January 11, 2011 at 4:24 am
XML is not going to work with HTML as content unless you enclose it with CDATA tags, like so...
<Content>
<![CDATA[
<div id="contentcenter">
<p>Perform a <b>hardware</b> check with the utility to assure the quality of the system driver, etc., etc.</p>
</div>
]]>
</Content>
Steve
January 11, 2011 at 7:53 am
Your sample mainly contains display information. Get the data in XML format (without the display information) and you're all set with Waynes article.
Lutz,
Thank you for that link on the difference btw xml and html. Exactly what I needed.
There was actual data included in the xml file I was sent, but it was mixed in with all that other stuff. The person who sent me the file seemed pretty perplexed that I didn't know how to deal with it and load it into our database. With the comments I have received, I'm still not exactly sure.
January 11, 2011 at 9:28 am
Sorry for the delay guys:
DECLARE @x XML
SELECT @x= CONVERT(xml, BulkColumn, 2) FROM
OPENROWSET(BULK 'C:\data.xml', SINGLE_BLOB) AS x
January 11, 2011 at 9:34 am
SQL-DBA (1/11/2011)
XML is not going to work with HTML as content unless you enclose it with CDATA tags, like so...<Content>
<![CDATA[
<div id="contentcenter">
<p>Perform a <b>hardware</b> check with the utility to assure the quality of the system driver, etc., etc.</p>
</div>
]]>
</Content>
Steve
Steve,
Do you mean I need to go into the file and type in [CDATA[... where all HTML appears?
Amy
January 11, 2011 at 10:18 am
weharrelson (1/11/2011)
Sorry for the delay guys:DECLARE @x XML
SELECT @x= CONVERT(xml, BulkColumn, 2) FROM
OPENROWSET(BULK 'C:\data.xml', SINGLE_BLOB) AS x
Ahh, I see. You loading the file in as I showed in the article, except that you're taking it straight to a variable. Then you're using that variable in sp_xml_preparedocument.
Wayne
Microsoft Certified Master: SQL Server 2008
Author - SQL Server T-SQL Recipes
January 11, 2011 at 10:28 am
Amy.G (1/11/2011)
Steve,Do you mean I need to go into the file and type in [CDATA[... where all HTML appears?
Amy
Well, run this little test:
declare @xml1 XML, @xml2 XML;
set @xml1 = '<Content>
<![CDATA[
<div id="contentcenter">
<p>Perform a <b>hardware</b> check with the utility to assure the quality of the system driver, etc., etc.</p>
</div>
]]>
</Content>';
set @xml2 = '<Content>
<div id="contentcenter">
<p>Perform a <b>hardware</b> check with the utility to assure the quality of the system driver, etc., etc.</p>
</div>
</Content>';
select @xml1, @xml2;
@xml1 has the <![CDATA[ ... ]]>, and @xml2 doesn't.

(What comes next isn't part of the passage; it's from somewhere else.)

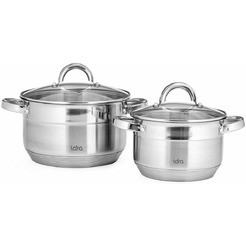 Набор кастрюль Lara Aurora LR02-114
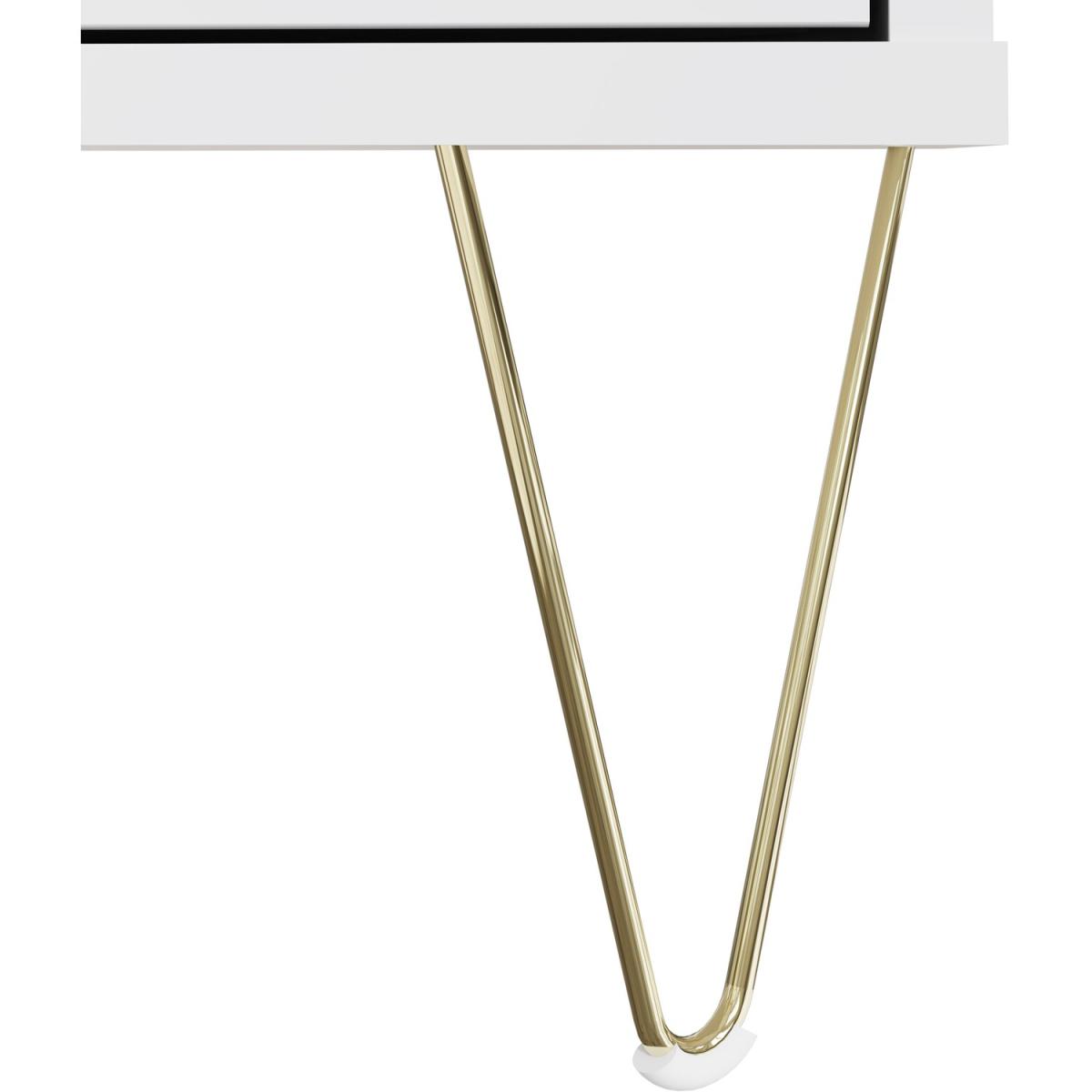Monaco White Corner TV Stand - White – image 4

Notice that in @xml2, that all of the HTML has become tokenized. From what I understand about HTML (very little), there are some tokens where the closing token is optional. If you have any of those in the XML file, SQL is probably going to throw an error.
As is stands, since the HTML is tokenized, it might not get in the way of extracting the data. You'd have to test it to see. Basically, if it can be put into an XML datatype (either variable or table column), then you will probably be able to work with it without having to add the CDATA stuff.
Wayne
Microsoft Certified Master: SQL Server 2008
Author - SQL Server T-SQL Recipes
January 11, 2011 at 2:17 pm
Here's a short example to query data like you've posted (please note that I added a few end tags to change it into a valid xml structure as per SQL requirements):
DECLARE @x XML
SET @x='<p>
<div id="content">
<a name="ada-content" />
<div id="browseBox">
<div class="roundedBox_top-left" />
<div class="roundedBox_top-right" />
<div class="licenseTitle">
<h1>
<span id="_SE_FLD" _SE_FLD="tcm:Content/custom:Content/custom:Title[1]">Aboveground Storage Tank (AST) Permits (>1 Million Gallons Total)</span>
</h1>
<div class="licenseDescription">
<span id="_SE_FLD" _SE_FLD="tcm:Content/custom:Content/custom:Description[1]">Minnesota Pollution Control Agency (MPCA)</span>
</div>
</div>
<div class="roundedBox_bottom-buff" />
</div>
<div class="roundedBox_bottom-left" />
<div class="roundedBox_bottom-right" />
<div id="licenseDetail">
<div id="licenseRightColumn">
<h3 style="margin:0;line-height:100%;">Agency contact information:</h3>
</div>
</div>
</div>
</p>'
;WITH cte AS
(
SELECT @x.query('//span') col
)
SELECT c.value('.','varchar(200)') span_result
FROM cte
CROSS APPLY col.nodes('span') T(c)
/* result set
Aboveground Storage Tank (AST) Permits (>1 Million Gallons Total)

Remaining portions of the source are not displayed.